A portion of an AusGamers interview with Ubisoft's Philippe Bergeron...
AusGamers: Getting back to gameplay, you’ve got this open-world and you can kind of go and do whatever you want, but everything’s kind of segmented. For you guys, from a structural point of view, and from a pacing point of view, how did you approach the space that the player can exist within?
The last few games were quite large, and a lot of the time you’re trekking for a lot of time, and not really doing anything. We talked a little bit about emergent gameplay before, but how have you guys handled the space that you had to deal with, and just tying it all together in a coherent way for the player to always be interested to go somewhere?

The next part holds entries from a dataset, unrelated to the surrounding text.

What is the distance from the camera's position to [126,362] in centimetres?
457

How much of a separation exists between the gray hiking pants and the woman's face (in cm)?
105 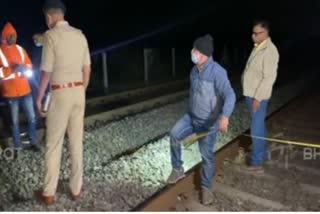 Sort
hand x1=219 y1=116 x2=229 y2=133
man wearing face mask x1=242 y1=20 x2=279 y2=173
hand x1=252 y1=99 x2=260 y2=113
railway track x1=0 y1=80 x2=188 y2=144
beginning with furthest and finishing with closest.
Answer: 1. railway track x1=0 y1=80 x2=188 y2=144
2. hand x1=252 y1=99 x2=260 y2=113
3. man wearing face mask x1=242 y1=20 x2=279 y2=173
4. hand x1=219 y1=116 x2=229 y2=133

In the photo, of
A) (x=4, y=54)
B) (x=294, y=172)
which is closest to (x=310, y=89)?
(x=294, y=172)

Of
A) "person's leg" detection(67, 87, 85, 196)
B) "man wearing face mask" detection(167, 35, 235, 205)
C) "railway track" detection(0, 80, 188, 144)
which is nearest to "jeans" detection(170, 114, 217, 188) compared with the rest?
"man wearing face mask" detection(167, 35, 235, 205)

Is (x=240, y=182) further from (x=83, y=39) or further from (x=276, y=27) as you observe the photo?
(x=276, y=27)

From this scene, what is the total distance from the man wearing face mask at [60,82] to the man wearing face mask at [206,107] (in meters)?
1.17

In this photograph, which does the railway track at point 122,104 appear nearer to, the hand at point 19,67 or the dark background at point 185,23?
the hand at point 19,67

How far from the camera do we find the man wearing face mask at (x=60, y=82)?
404 centimetres

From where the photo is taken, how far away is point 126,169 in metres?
5.56

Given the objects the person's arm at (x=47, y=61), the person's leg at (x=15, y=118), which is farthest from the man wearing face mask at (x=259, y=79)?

Philippe: That one we were actually playing both Skyrim... actually, we were playing Skyrim at the time, and it was a really good example, where you walk around Skyrim, and there’s always something in a given grid metre, where “Oh there’s something here”, then you move around “There’s another thing there”. There’s always something attracting you. So we always have, within the minimap, you always needed to have an icon drawing your attention.
So from the very beginning we had our different gameplay silos: be it the main mission path, be it the the Liberation gameplay events, the smaller low-level assassination contracts, or courier missions that... we developed a whole bunch of mission subsets or objective subsets, that we could then, once we had our main path tracked in the map, then we had our second palette, which was, I don’t want to say “the filler”, but the way to sort of complete this environment.
So we would analyse “Alright, what’s our map usage? What’s our heatmap, and where do we have more dead zones?”, and we have all these interesting gameplays that are not as environment-specific as the other ones, so these ones we can use to sort of fill in the space.